• _WHAT IS REQUIRED_:
Copy out precisely the lines from the start of the data through the line with "The last part", and keep pictures out of it.

(Stored data entries)
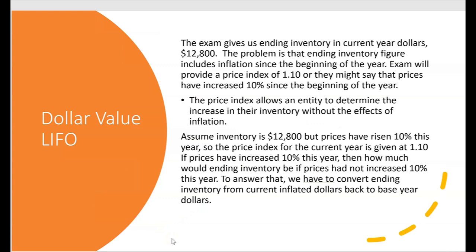The exam gives us ending inventory in current year dollars — that means inflated dollars — and that's $12,800 in our first example. The problem is that ending inventory figure includes inflation since the beginning of the year. The exam will provide a price index of 1.1, or they might say prices increased 10% since the beginning of the year. The price index allows the entity to determine the increase in inventory from beginning to end of year without the effects of inflation.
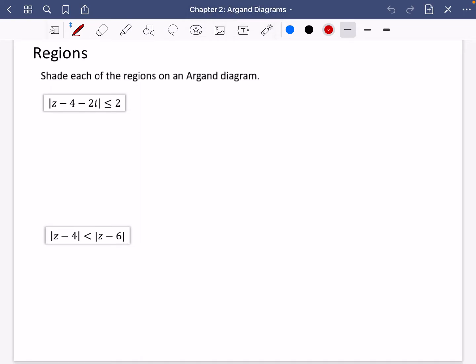The last part of chapter two is about regions, and then I'm going to do a video on some exam questions. So this time instead of it just being the loci, we're actually going to be shading particular regions that make something true. It wants us to shade each of the regions on an Argand diagram for the following questions.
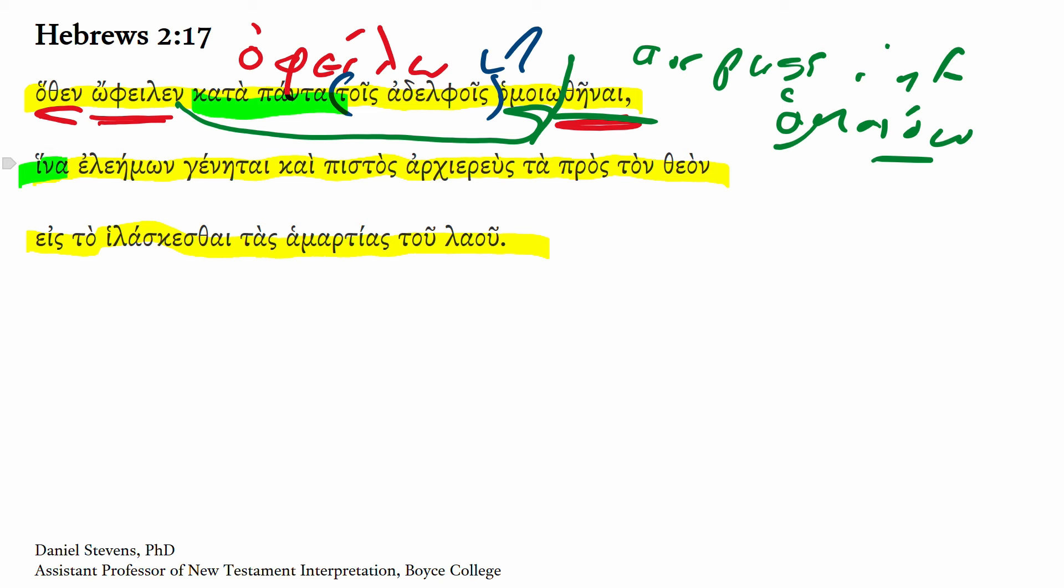Then we get a purpose clause introduced by hina, expecting a subjunctive, which we have here in genetai, the aorist middle subjunctive of ginomai, so that he should become a merciful and faithful high priest. Here, merciful is fronted before the verb, possibly giving some level of emphasis in context that makes sense.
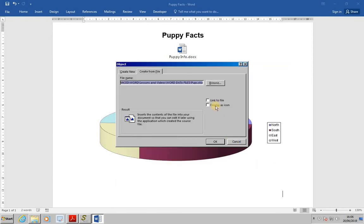This time, we want to insert the file but do not check the Link to File box. Then press OK.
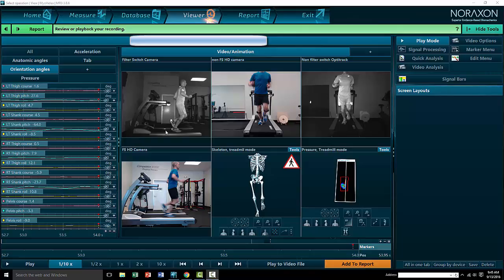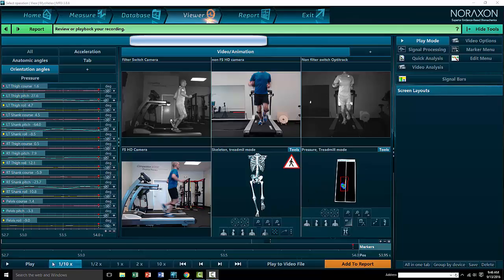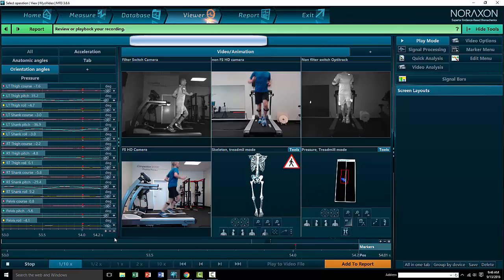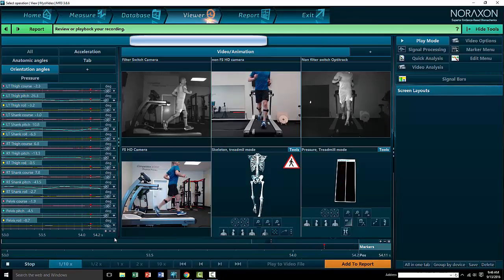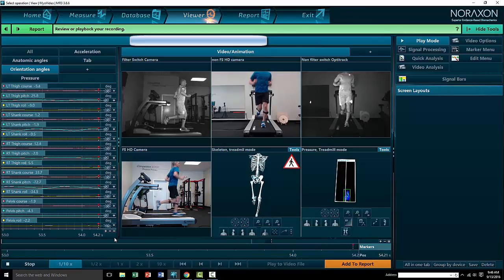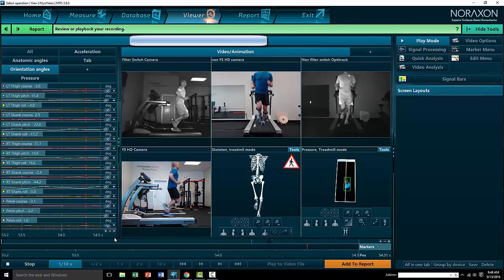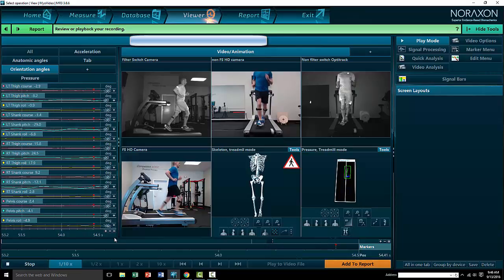What you also see is the grayscale high frame per second cameras and the color HD cameras, which shoot at 30 frames per second. You see the 3D skeletal avatar of this data here, and you see our pressure analysis. I'll run this through in slow motion so you can see exactly what we look at during the assessment.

• _RESPONSE TO THE EXERCISE_:
The exam gives us ending inventory in current year dollars — that means inflated dollars — and that's $12,800 in our first example. The problem is that ending inventory figure includes inflation since the beginning of the year. The exam will provide a price index of 1.1, or they might say prices increased 10% since the beginning of the year. The price index allows the entity to determine the increase in inventory from beginning to end of year without the effects of inflation.
The last part of chapter two is about regions, and then I'm going to do a video on some exam questions. So this time instead of it just being the loci, we're actually going to be shading particular regions that make something true. It wants us to shade each of the regions on an Argand diagram for the following questions.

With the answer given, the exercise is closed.